Spirituality without gospel,
This review is from: The Gospel According to the "Simpsons": The Spiritual Life of the World's Most Animated Family (Paperback)
The great volume of American TV and movies that I grew up watching told me of a land where religion was largely irrelevant or ignored. Not so The Simpsons. For them and their fellow residents of Springfield, religious faith and practice is another part of normal life, as in reality it is for most Americans.
Mark Pinsky is a religious correspondent, and practising Jew. Onto the pages of this book he appears to have squeezed every last drop of religious life from the series' first ten years or so. As an occasional Simpsons viewer, I'm surprised there is so much of it; though Pinsky's condensed approach may make religion look more prominent than it actually is in the show.
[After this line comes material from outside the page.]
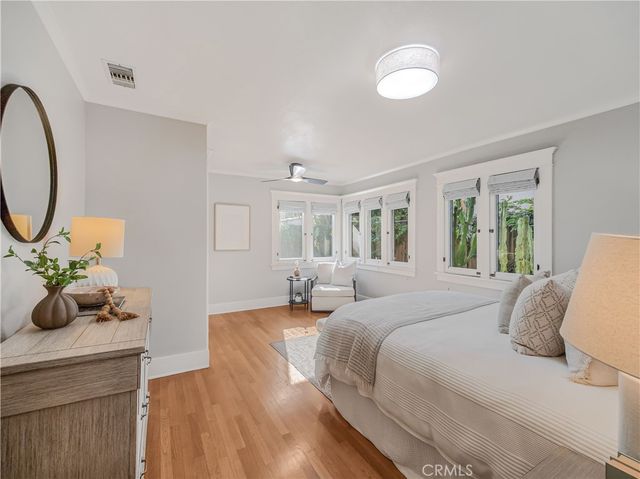 3740 E 5th Street, Long Beach, CA 90814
His analysis throws up a few surprises for believers prejudiced against the show (though less surprising for fans, I think): far from subverting moral values, The Simpsons upholds them; even bad boys Homer and Bart usually come good in the end; evangelical neighbour Ned Flanders is sympathetically portrayed, all a Christian should be, and the best known evangelical to American 20- & 30-somethings to boot; the flawed faith and religiosity of many of the characters represent what many believers really think and do, if only they were honest enough to admit it; sceptical Lisa is trying to bring about the same Kingdom of God that Jesus proclaimed; Jesus himself is not generally ridiculed. And so on. What really comes out are two of the show's strengths: revealing hypocrisy, particularly among believers; and conveying moral messages in keeping with the tenets of major religions (and humanism) under the guise of wittily subverting them.
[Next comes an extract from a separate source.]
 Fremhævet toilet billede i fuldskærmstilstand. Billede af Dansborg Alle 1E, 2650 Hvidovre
But despite all this positive portrayal of religion (largely Protestant Christianity, but also some Judaism; Catholics and Hindus have a rougher ride, for separate reasons), the irony is that (at least in evangelical terms) there is no gospel according to the Simpsons. Robert L. Short's "The gospel according to Peanuts", first in this genre, showed how the good news of the New Testament was told within cartoon strips which barely ever mentioned God or Christ. Religion figures overtly in the Simpsons, but the good news of the New Testament is virtually absent. Pinsky points out that it is entirely a religion of works. Even Ned Flanders believes it's his good works that will get him into heaven, rather than a saving faith in Jesus Christ as Lord.
Yet at times it feels as if things said in jest are being taken too seriously. Towards the end, Pinsky brings in more revealing material from interviewing the writers. They make points such as: cartoons afford more characters than live shows, so there is more scope for exploring the whole of life (including religion); religion provides good material for laughs; a religion based on works makes better jokes and animation sequences than one based on faith; they like to take pot shots at everyone and everything, but not to offend too much just for the sake of it.
A compulsive quick skim-read for anyone interested in the how popular culture portrays religion, or who likes the Simpsons and is religious, but not to be taken too seriously perhaps.